4. Mechanical and Packaging Information

4.1 Outline Dimensions and Polarity

The LED conforms to the standard T-1 (3mm) round through-hole package. Key dimensional notes include: all dimensions are in mm (inches), with a general tolerance of ±0.25mm; the maximum resin protrusion under the flange is 1.0mm; lead spacing is measured where leads emerge from the package. The longer lead typically denotes the anode (+). Designers must refer to the detailed dimensioned drawing (implied in the datasheet) for precise PCB hole spacing and placement.

4.2 Packing Specifications

The LEDs are supplied in industry-standard packaging: 500, 200, or 100 pieces per anti-static packing bag. Ten bags are packed into an inner carton (total 5,000 pcs). Eight inner cartons are packed into a master outer shipping carton (total 40,000 pcs). The datasheet notes that in every shipping lot, only the final pack may be a non-full pack.

5. Assembly, Handling, and Application Guidelines

Proper handling is essential for reliability. This section translates the datasheet\'s \"Cautions\" into actionable design and manufacturing advice.

5.1 Storage and Cleaning

For long-term storage outside the original packaging, store in a sealed container with desiccant or in a nitrogen ambient. The recommended storage condition is ≤30°C and ≤70% relative humidity. If cleaning is necessary, use alcohol-based solvents like isopropyl alcohol.

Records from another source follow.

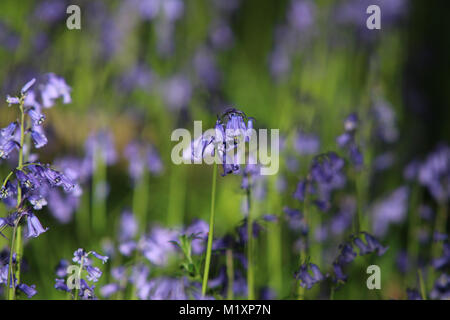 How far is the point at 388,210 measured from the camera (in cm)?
258

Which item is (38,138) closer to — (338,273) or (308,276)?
(308,276)

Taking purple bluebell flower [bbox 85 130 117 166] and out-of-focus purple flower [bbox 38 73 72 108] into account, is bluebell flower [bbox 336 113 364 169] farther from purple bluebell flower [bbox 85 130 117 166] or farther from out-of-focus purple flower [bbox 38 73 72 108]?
purple bluebell flower [bbox 85 130 117 166]

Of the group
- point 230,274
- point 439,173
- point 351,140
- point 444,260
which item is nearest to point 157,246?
point 230,274

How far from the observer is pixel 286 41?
10.9 feet

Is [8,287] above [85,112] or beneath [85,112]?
beneath

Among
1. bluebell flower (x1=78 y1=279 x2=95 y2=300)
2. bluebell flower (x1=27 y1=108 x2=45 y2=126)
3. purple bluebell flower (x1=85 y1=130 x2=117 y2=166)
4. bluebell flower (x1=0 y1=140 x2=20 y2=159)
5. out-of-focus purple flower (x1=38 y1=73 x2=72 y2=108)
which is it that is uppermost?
purple bluebell flower (x1=85 y1=130 x2=117 y2=166)

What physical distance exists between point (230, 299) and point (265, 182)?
2.71 ft

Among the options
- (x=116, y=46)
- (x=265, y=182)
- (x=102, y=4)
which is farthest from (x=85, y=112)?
(x=265, y=182)

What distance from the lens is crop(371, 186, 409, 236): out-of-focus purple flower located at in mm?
2580

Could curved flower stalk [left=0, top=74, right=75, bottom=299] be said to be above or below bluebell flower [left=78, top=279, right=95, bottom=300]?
above

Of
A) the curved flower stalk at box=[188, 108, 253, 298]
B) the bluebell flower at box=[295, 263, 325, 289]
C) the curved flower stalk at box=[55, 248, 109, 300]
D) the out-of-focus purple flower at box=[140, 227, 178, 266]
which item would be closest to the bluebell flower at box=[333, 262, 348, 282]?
the bluebell flower at box=[295, 263, 325, 289]

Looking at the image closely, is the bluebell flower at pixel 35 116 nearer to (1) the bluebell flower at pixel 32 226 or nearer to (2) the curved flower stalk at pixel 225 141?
(1) the bluebell flower at pixel 32 226

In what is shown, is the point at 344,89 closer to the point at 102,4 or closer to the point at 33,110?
the point at 102,4

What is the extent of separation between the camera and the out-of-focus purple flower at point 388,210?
A: 2580 millimetres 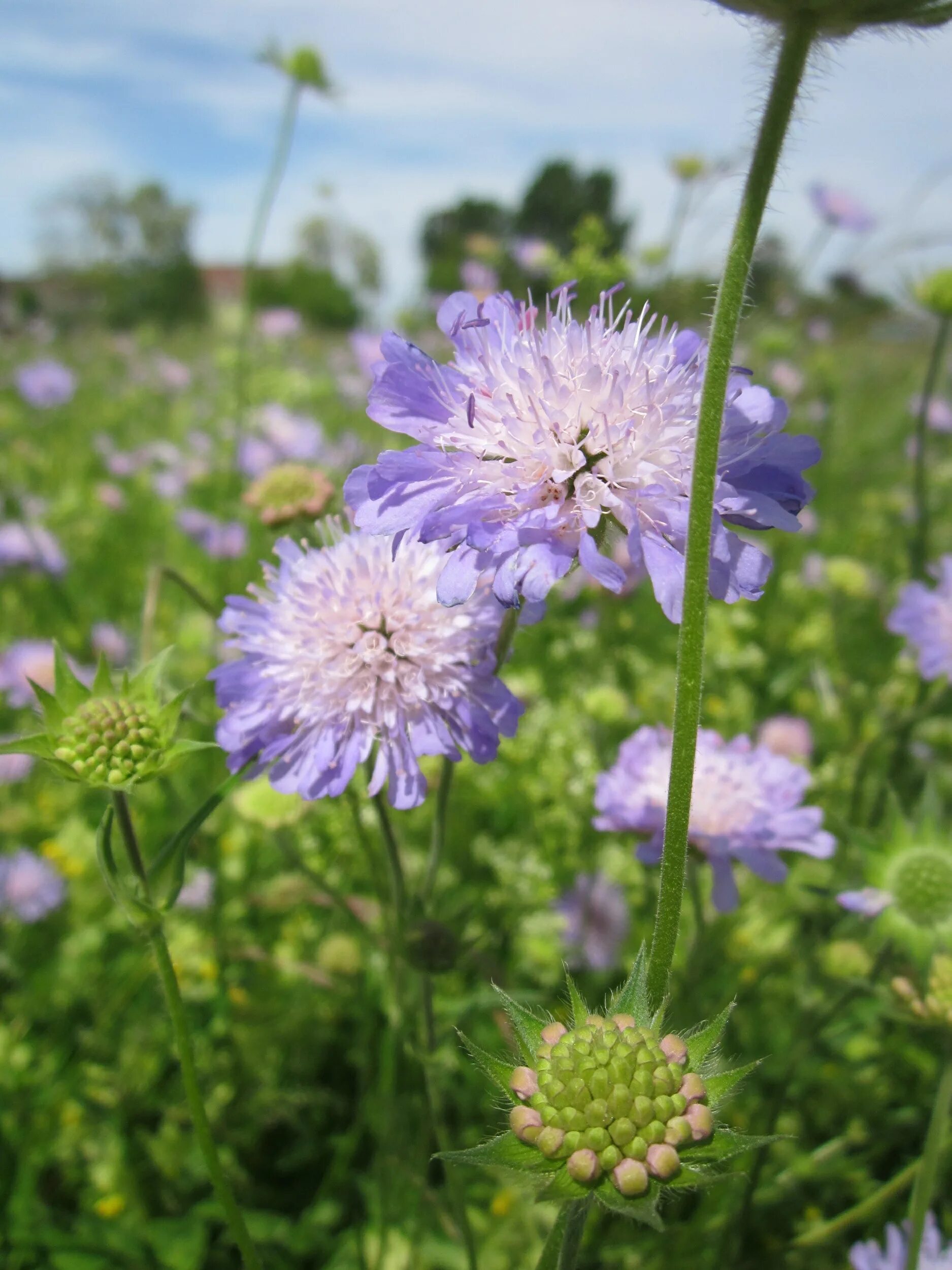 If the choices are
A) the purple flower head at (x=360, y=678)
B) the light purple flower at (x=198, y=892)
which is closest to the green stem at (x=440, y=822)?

5.2 Lead Forming and PCB Assembly

Bend leads at a point at least 3mm from the base of the LED lens. Do not use the LED body as a fulcrum. Form leads before soldering and at room temperature. During PCB insertion, use the minimum clinch force required to avoid imposing mechanical stress on the epoxy lens or the internal wire bonds.

5.3 Soldering Process

Maintain a minimum distance of 2mm from the base of the lens to the solder point. Never immerse the lens in solder. Avoid external stress on the leads during soldering while the LED is hot. Recommended conditions:

• Soldering Iron: 350°C max, 3 seconds max per lead (one time only).
• Wave Soldering: Pre-heat to 100°C max for 60s max; solder wave at 260°C max for 5s max. Ensure the dipping position is no lower than 2mm from the lens base.
• Critical Note: IR reflow soldering is not suitable for this through-hole LED product. Excessive heat will damage the epoxy lens.

5.4 Drive Circuit Design

LEDs are current-operated devices. To ensure uniform brightness when driving multiple LEDs in parallel, it is strongly recommended to use a individual current-limiting resistor in series with each LED (Circuit A). Using a single resistor for multiple parallel LEDs (Circuit B) is not recommended, as small variations in the forward voltage (Vf) characteristic between individual LEDs will cause significant differences in current share and, therefore, brightness. The typical drive current is 15-20 mA DC.

5.5 Electrostatic Discharge (ESD) Protection

The LED is susceptible to damage from static electricity. Prevention measures include: using grounded wrist straps and anti-static gloves; ensuring all equipment, worktables, and storage racks are properly grounded; using an ion blower to neutralize static charge that may build up on the plastic lens during handling. A checklist for ESD-safe areas should include verification of personnel training and certification.

6. Application Notes and Design Considerations

6.1 Typical Application Scenarios

The bi-color functionality is ideal for dual-state indication. Common implementations include: Power Status (Green=On, Red=Off/Standby), Battery Condition (Green=Charged/Good, Red=Charging/Low), System Fault (Green=Normal, Red=Error/Alarm), and Communication Activity (Green=Link, Red=Data Tx/Rx). The high intensity allows for use in moderately bright ambient light conditions.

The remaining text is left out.